Required action:
For this exercise, repeat the whole listing below exactly. Leave the pictures out.

Recorded data:
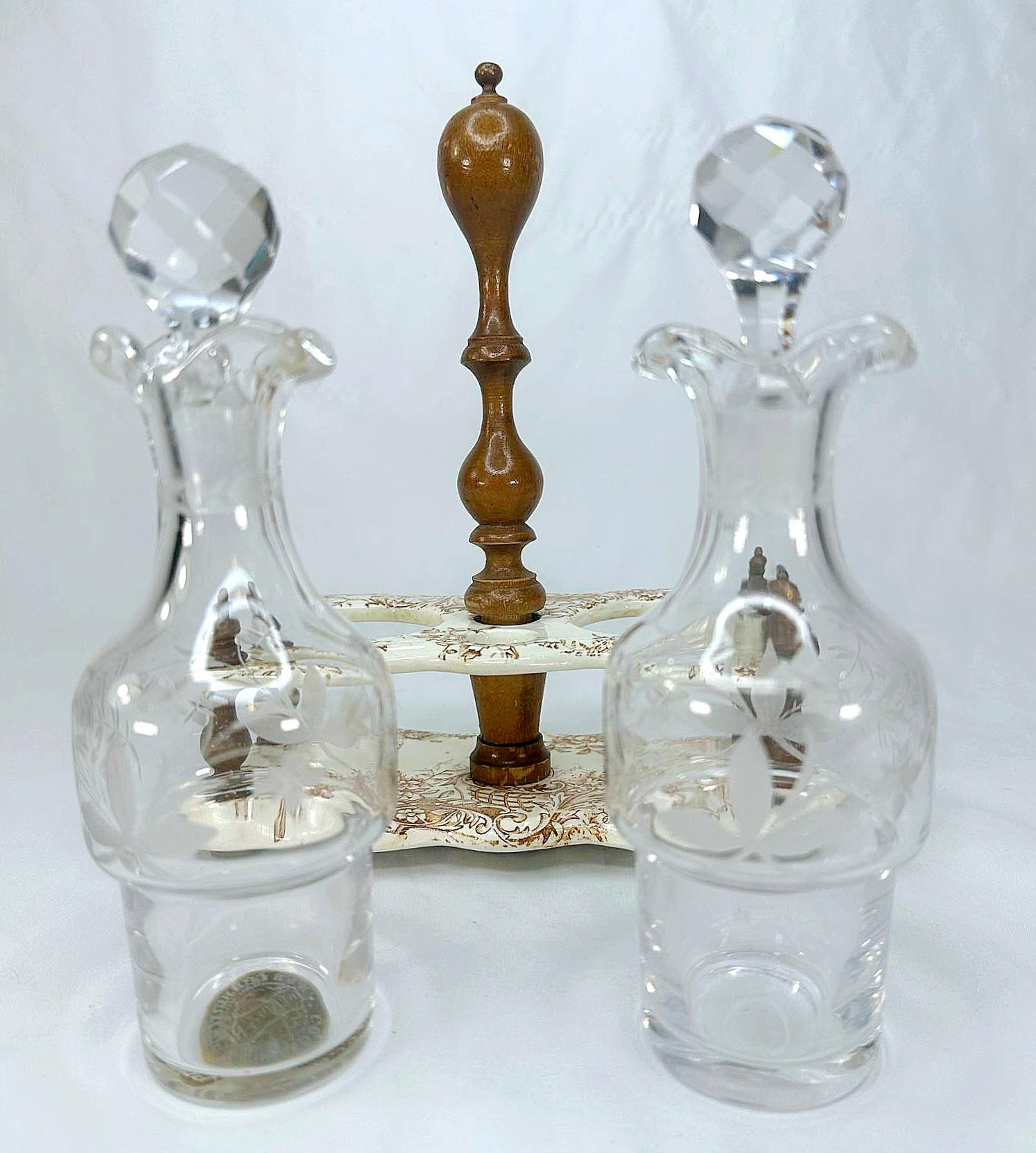 1890 Antique French Salins Creamware Cruet Set Olio e Aceto - 3 pezzi in vendita 7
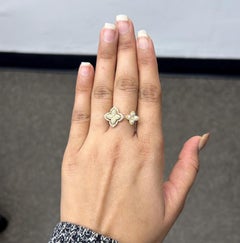 14k Solid Gold Ring Natural Pave Diamond Flower Shaped Propose Ring For Women.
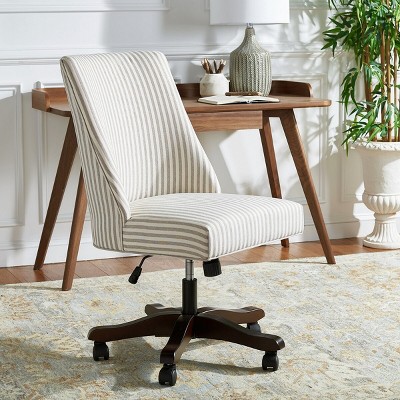 Beige Stripe Armless Swivel Desk Chair with Wooden Base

Your solution:
 1890 Antique French Salins Creamware Cruet Set Olio e Aceto - 3 pezzi in vendita 7
 14k Solid Gold Ring Natural Pave Diamond Flower Shaped Propose Ring For Women.
 Beige Stripe Armless Swivel Desk Chair with Wooden Base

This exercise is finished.